→ What is expected
Only the lines from the one with "1991 Ford LTD" through the last line of the material below belong in the answer, copied exactly and without pictures.

Segment Start: Records shown

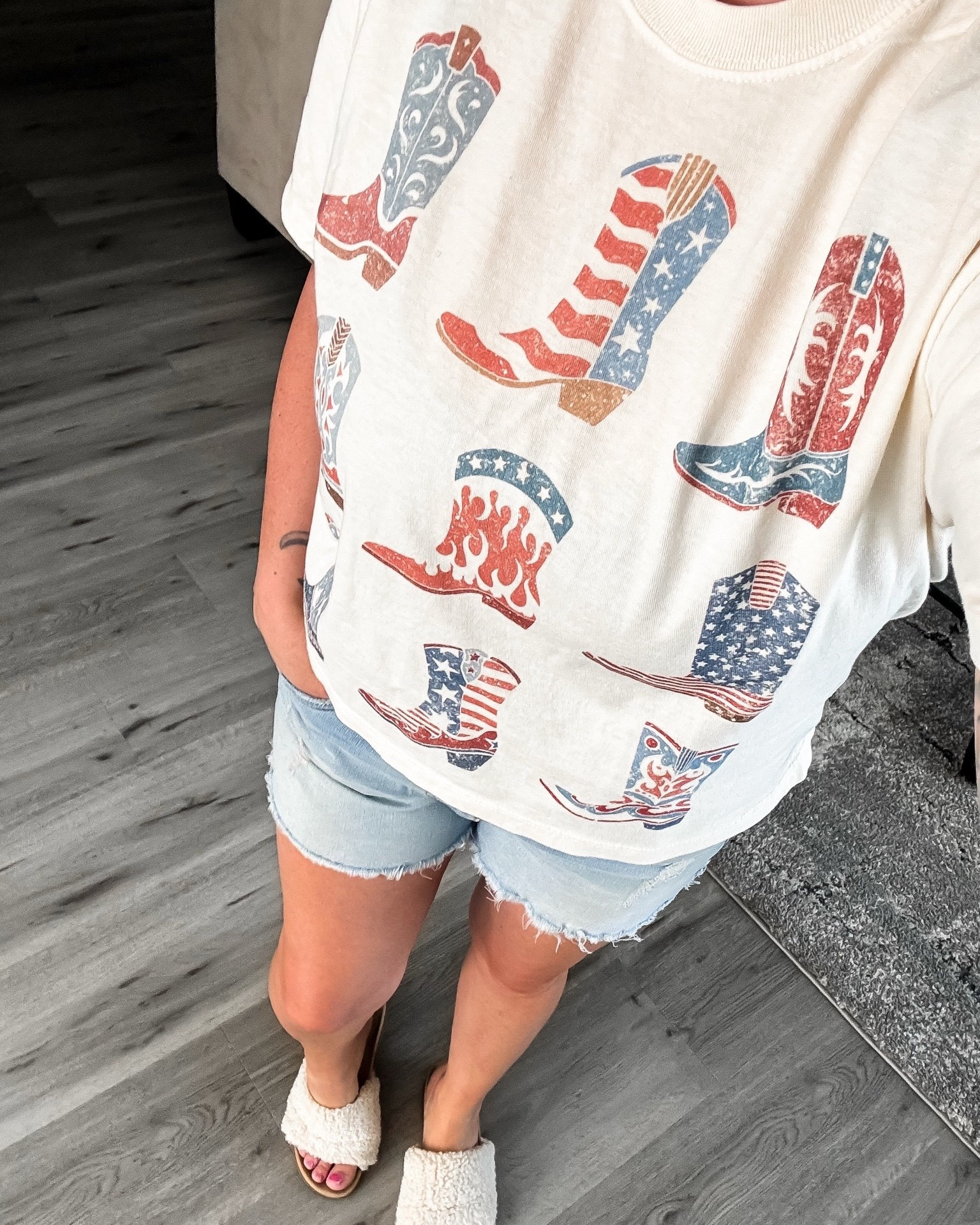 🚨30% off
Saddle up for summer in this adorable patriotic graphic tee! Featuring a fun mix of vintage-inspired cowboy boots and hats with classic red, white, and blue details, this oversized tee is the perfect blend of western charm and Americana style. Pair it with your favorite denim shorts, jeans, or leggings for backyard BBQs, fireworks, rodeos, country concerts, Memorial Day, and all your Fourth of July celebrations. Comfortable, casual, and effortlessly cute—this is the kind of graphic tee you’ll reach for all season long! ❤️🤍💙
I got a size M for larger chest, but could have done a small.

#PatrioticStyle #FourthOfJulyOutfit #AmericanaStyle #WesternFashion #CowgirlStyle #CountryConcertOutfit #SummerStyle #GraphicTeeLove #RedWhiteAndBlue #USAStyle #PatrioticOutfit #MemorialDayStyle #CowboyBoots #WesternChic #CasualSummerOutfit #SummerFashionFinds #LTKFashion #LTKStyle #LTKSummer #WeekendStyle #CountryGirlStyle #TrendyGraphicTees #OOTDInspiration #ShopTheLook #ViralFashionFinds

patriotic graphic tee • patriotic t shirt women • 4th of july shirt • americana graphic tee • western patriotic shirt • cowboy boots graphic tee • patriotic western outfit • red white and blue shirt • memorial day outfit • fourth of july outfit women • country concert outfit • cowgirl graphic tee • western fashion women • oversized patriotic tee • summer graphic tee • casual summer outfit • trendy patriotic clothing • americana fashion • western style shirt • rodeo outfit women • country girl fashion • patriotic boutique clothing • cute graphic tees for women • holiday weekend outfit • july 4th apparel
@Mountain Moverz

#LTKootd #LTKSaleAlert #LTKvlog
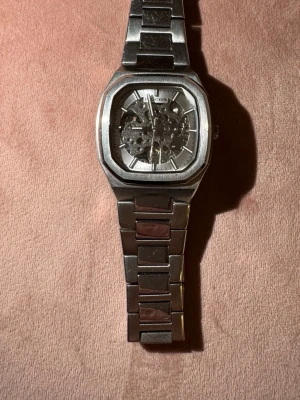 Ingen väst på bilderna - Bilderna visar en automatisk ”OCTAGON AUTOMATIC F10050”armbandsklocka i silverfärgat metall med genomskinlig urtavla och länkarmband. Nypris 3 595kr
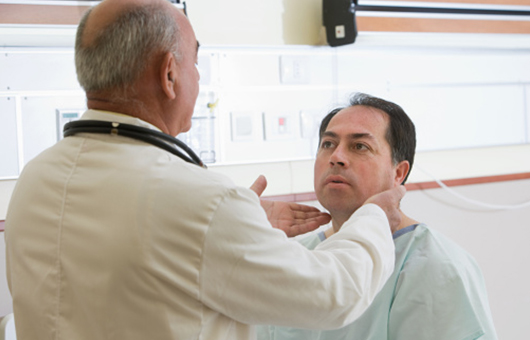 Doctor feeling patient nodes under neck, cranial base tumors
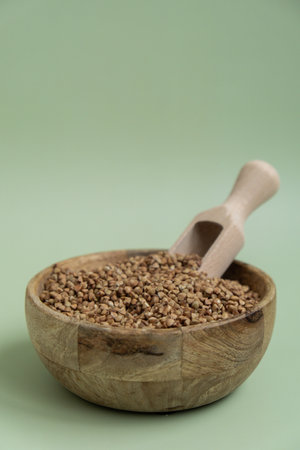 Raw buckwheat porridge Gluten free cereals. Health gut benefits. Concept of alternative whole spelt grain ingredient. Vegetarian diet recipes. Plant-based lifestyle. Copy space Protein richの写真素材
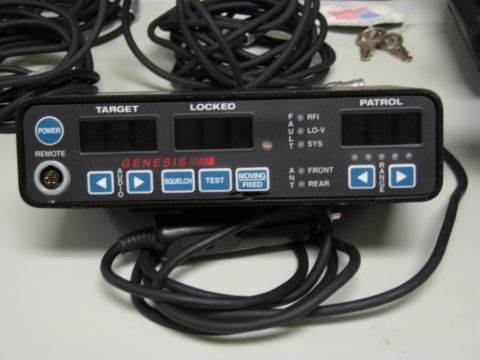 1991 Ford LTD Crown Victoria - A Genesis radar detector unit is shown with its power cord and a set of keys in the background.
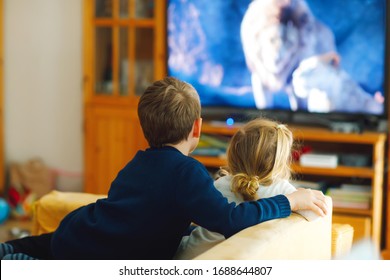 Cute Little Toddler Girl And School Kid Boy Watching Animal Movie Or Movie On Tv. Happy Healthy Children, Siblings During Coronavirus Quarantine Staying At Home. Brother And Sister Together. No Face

Segment End: Records shown

→ Output of the task
 1991 Ford LTD Crown Victoria - A Genesis radar detector unit is shown with its power cord and a set of keys in the background.
 Cute Little Toddler Girl And School Kid Boy Watching Animal Movie Or Movie On Tv. Happy Healthy Children, Siblings During Coronavirus Quarantine Staying At Home. Brother And Sister Together. No Face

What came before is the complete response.